**TO DO**:
Would you retype exactly the lines below, from the one containing "Luca de Meo" through the end of the entries, both ends included, but not the pictures?

___ EXERCISE DATA

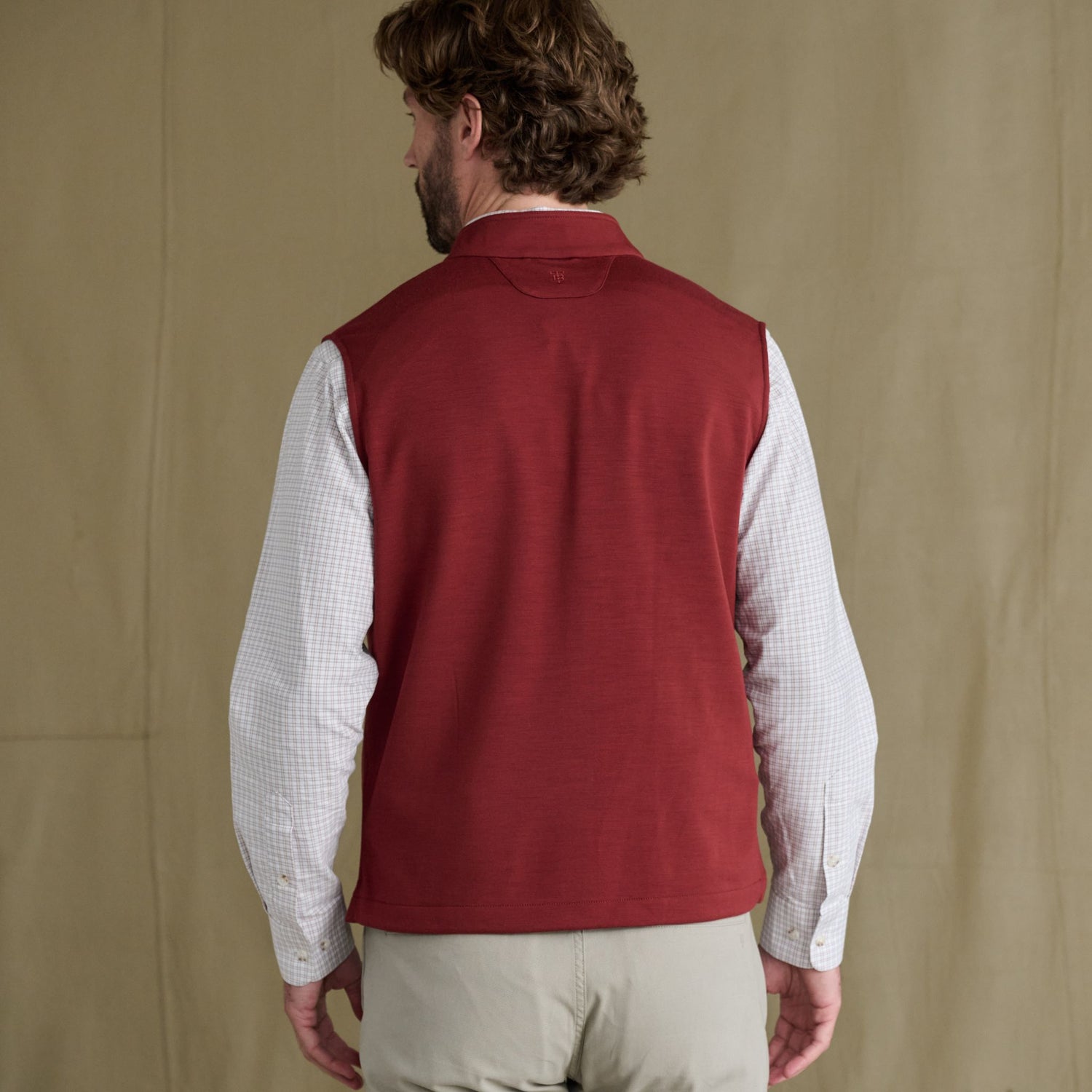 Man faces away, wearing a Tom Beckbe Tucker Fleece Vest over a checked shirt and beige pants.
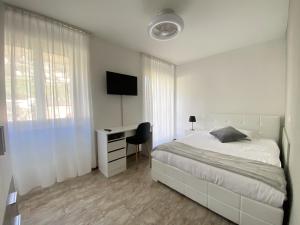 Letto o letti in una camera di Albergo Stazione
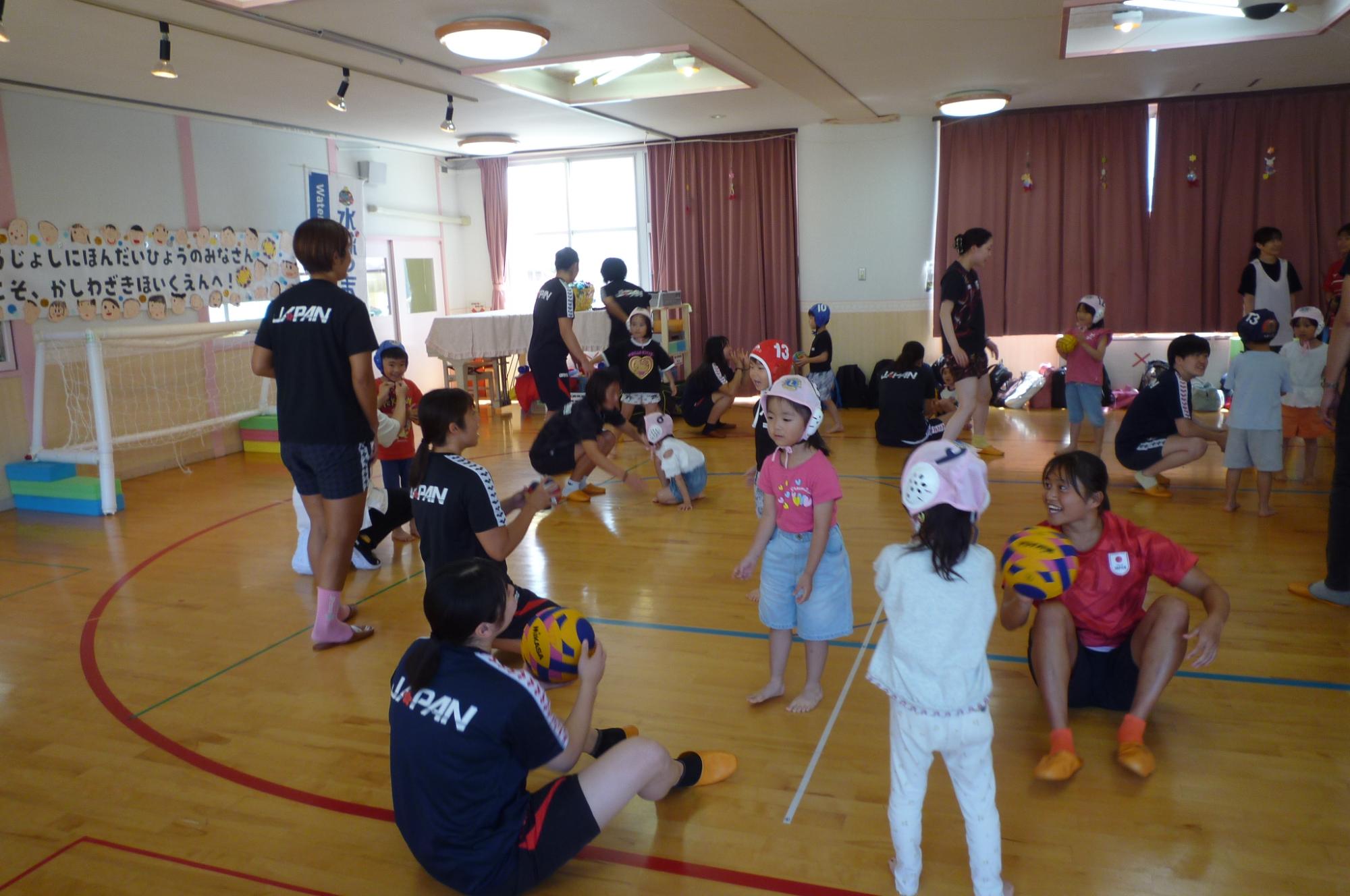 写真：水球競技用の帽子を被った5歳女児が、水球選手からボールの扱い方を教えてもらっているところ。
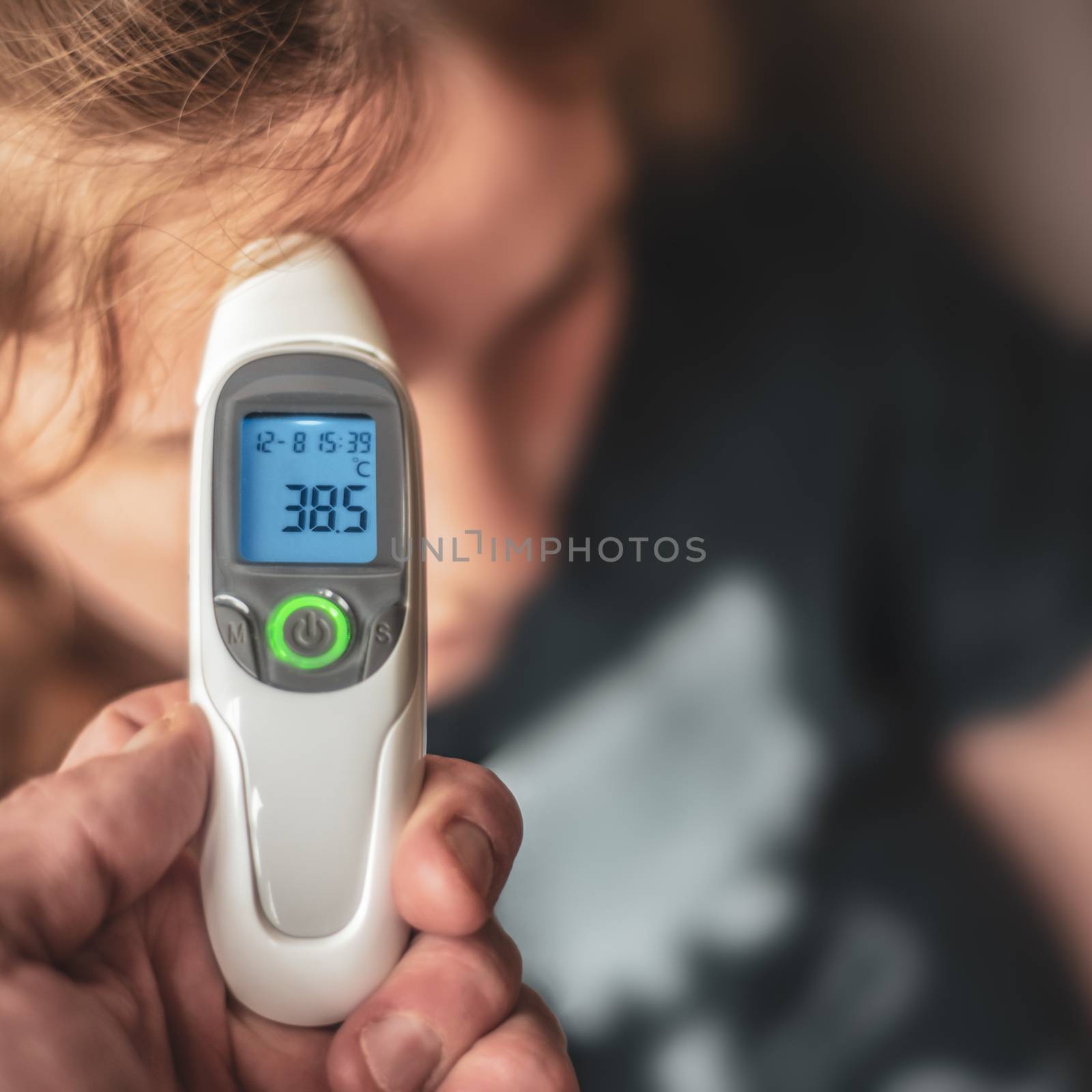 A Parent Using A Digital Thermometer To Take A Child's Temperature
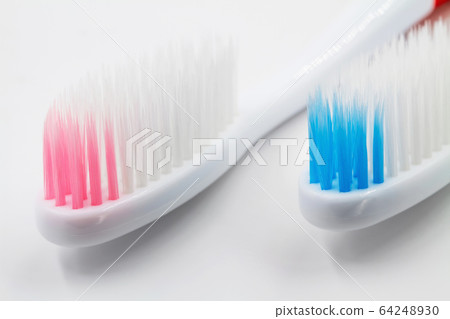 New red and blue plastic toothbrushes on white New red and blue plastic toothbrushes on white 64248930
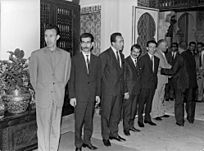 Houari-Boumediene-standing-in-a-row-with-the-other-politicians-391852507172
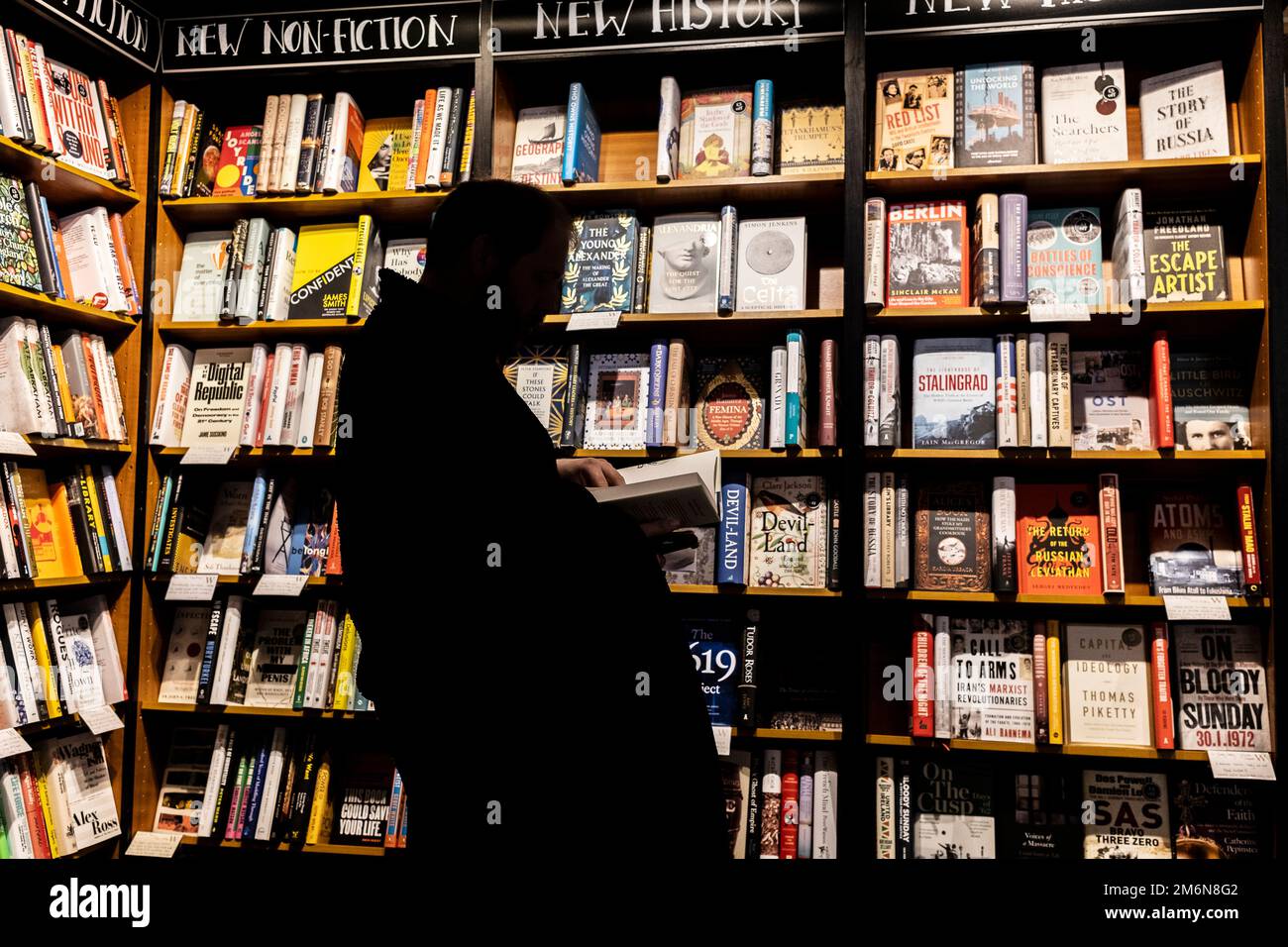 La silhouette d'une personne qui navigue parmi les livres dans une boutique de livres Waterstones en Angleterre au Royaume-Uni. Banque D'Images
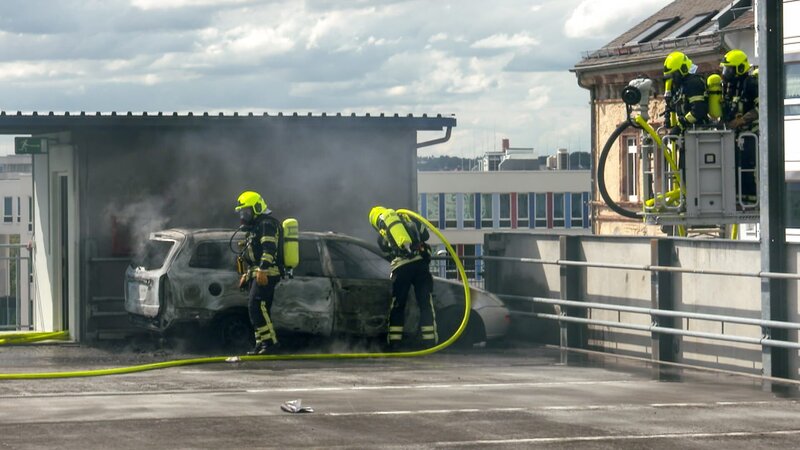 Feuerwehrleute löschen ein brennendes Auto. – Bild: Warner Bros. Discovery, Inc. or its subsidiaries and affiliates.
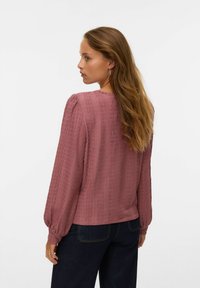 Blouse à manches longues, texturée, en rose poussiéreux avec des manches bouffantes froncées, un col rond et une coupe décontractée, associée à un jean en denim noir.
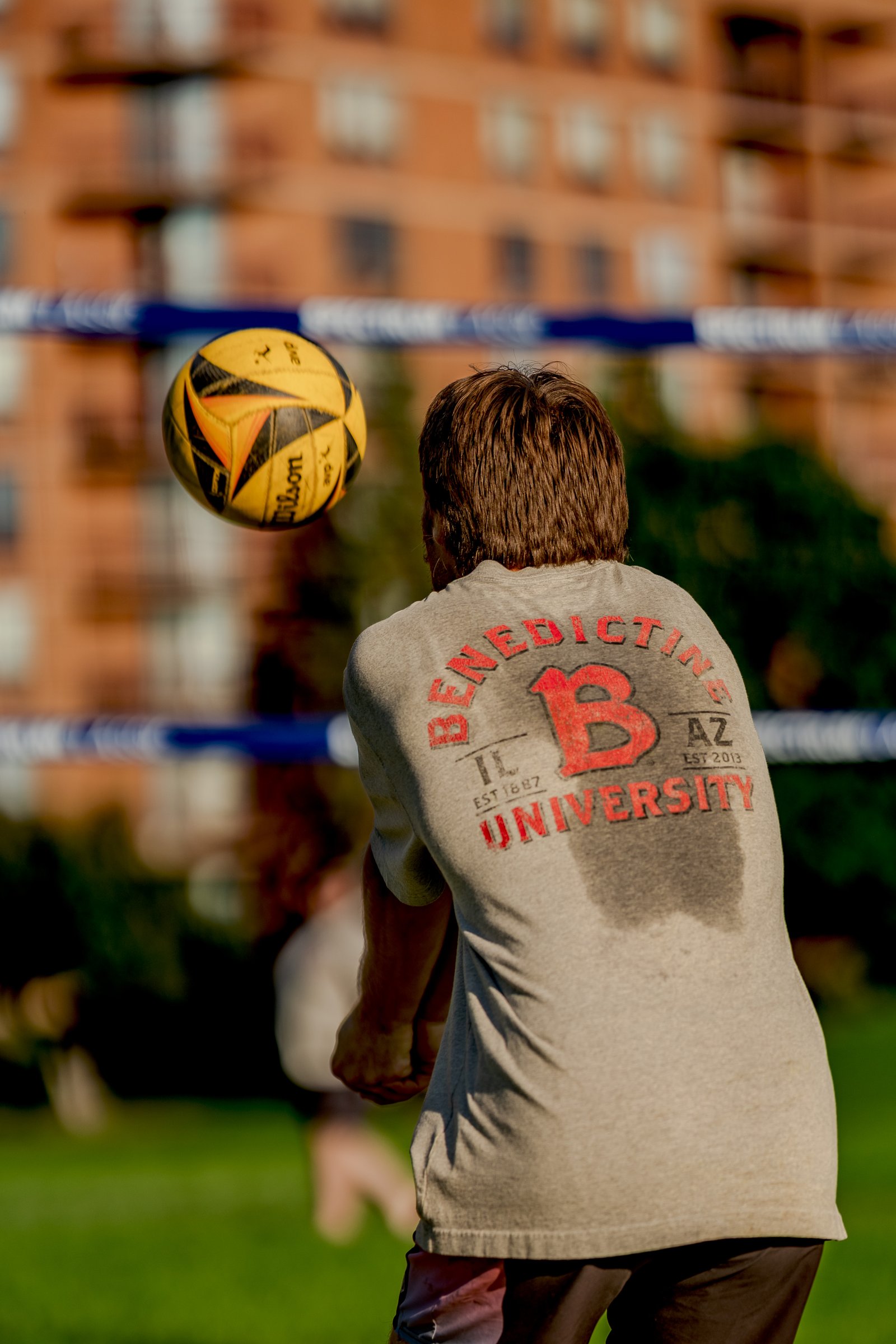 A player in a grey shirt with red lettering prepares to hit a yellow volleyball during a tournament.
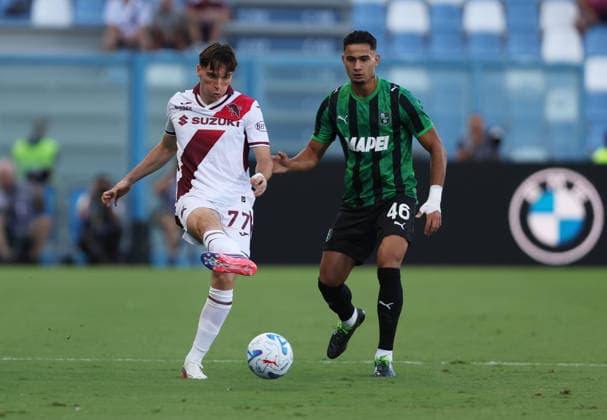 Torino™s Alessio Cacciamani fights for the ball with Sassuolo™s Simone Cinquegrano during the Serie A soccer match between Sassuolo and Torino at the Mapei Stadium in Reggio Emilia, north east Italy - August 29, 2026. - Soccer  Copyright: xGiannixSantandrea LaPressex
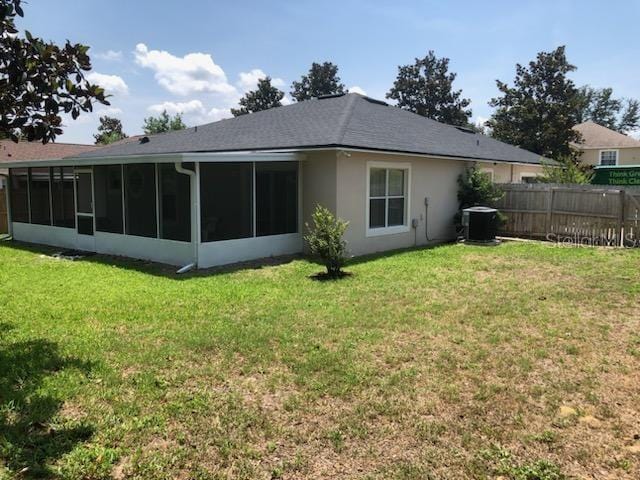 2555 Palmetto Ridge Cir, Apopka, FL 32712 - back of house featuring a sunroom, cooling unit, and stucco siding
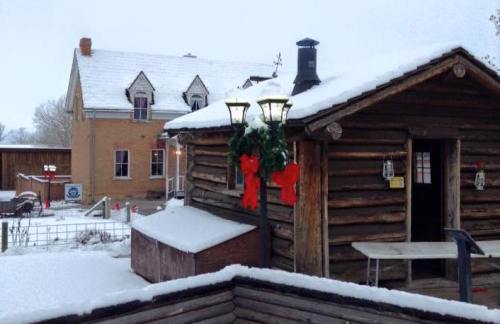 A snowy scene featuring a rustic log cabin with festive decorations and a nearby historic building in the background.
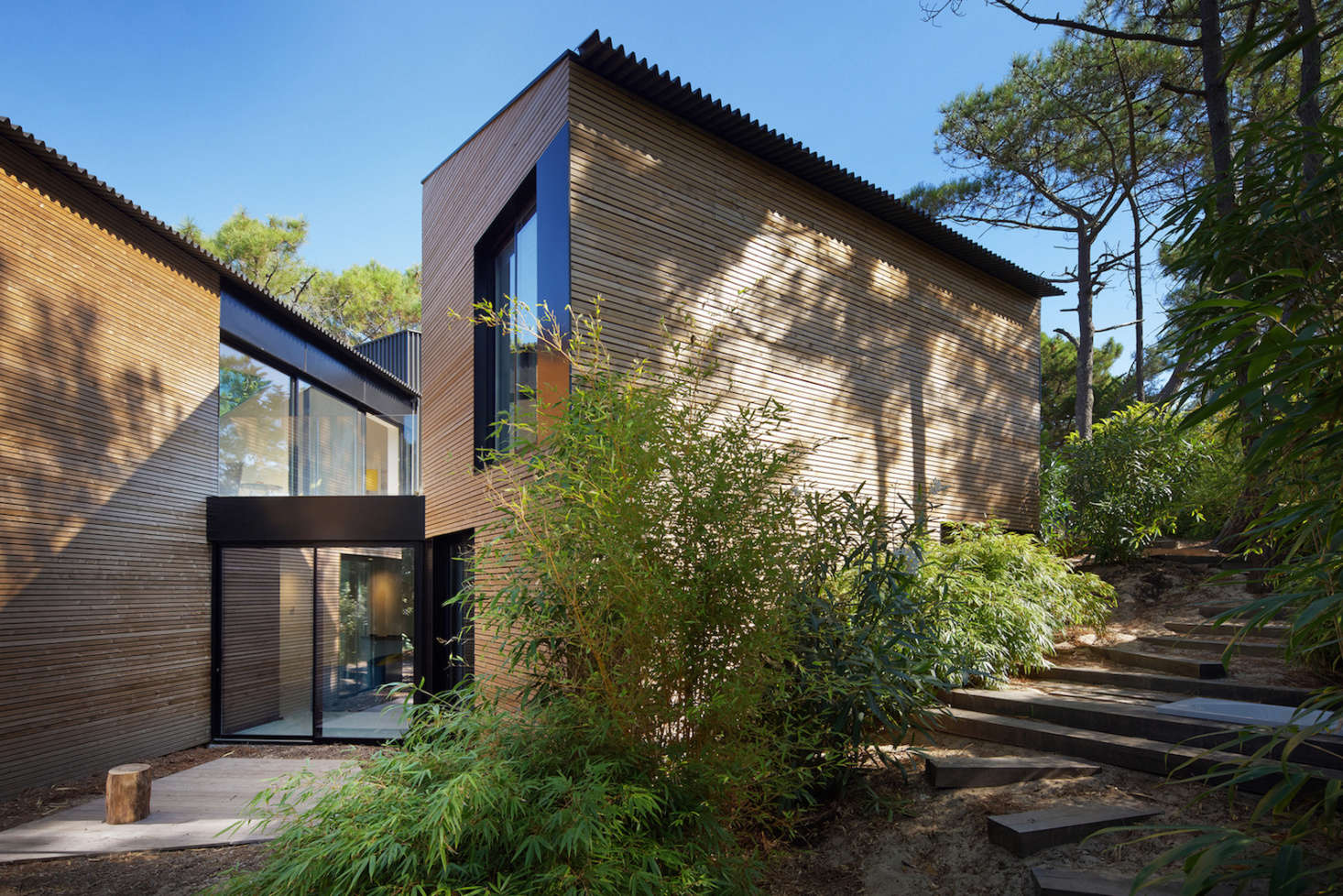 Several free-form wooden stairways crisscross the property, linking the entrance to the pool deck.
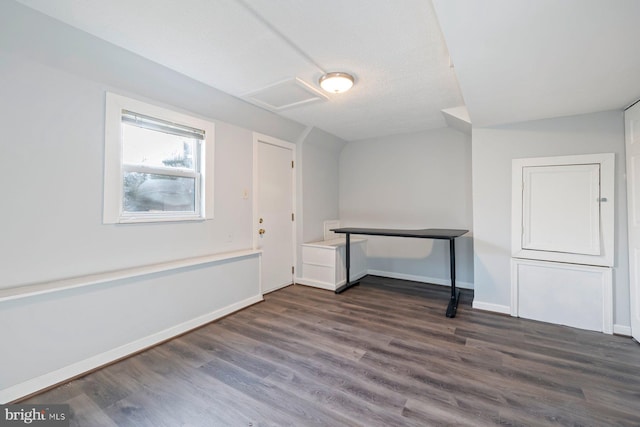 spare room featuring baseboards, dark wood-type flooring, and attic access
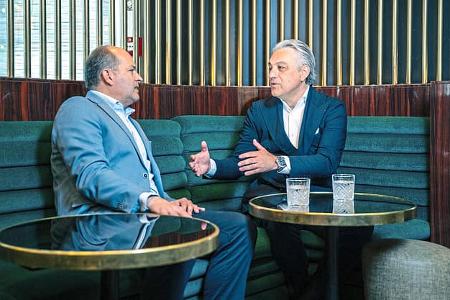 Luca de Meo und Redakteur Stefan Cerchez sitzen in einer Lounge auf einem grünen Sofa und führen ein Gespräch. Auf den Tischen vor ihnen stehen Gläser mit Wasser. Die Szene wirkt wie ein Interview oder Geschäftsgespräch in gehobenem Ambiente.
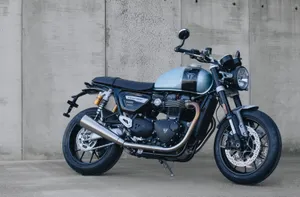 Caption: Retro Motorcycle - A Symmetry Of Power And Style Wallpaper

______

**ANSWER TO THIS TASK**:
 Luca de Meo und Redakteur Stefan Cerchez sitzen in einer Lounge auf einem grünen Sofa und führen ein Gespräch. Auf den Tischen vor ihnen stehen Gläser mit Wasser. Die Szene wirkt wie ein Interview oder Geschäftsgespräch in gehobenem Ambiente.
 Caption: Retro Motorcycle - A Symmetry Of Power And Style Wallpaper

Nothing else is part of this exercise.